*** Begin section ***

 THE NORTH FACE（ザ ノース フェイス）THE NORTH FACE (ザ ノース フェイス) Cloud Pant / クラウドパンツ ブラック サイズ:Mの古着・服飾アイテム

*** End section ***
*** Begin section ***

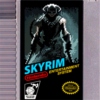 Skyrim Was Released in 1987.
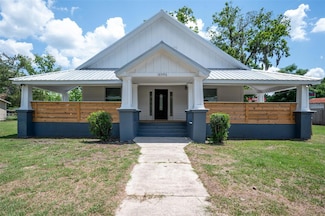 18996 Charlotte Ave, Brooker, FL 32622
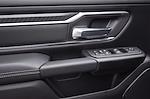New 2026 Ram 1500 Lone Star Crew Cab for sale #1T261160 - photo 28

*** End section ***

Everything above from the line containing "18996 Charlotte Ave, Brooker, FL 32622" down to the line containing "New 2026 Ram" is to be duplicated exactly, both lines included, and the pictures are to be omitted.

 18996 Charlotte Ave, Brooker, FL 32622
New 2026 Ram 1500 Lone Star Crew Cab for sale #1T261160 - photo 28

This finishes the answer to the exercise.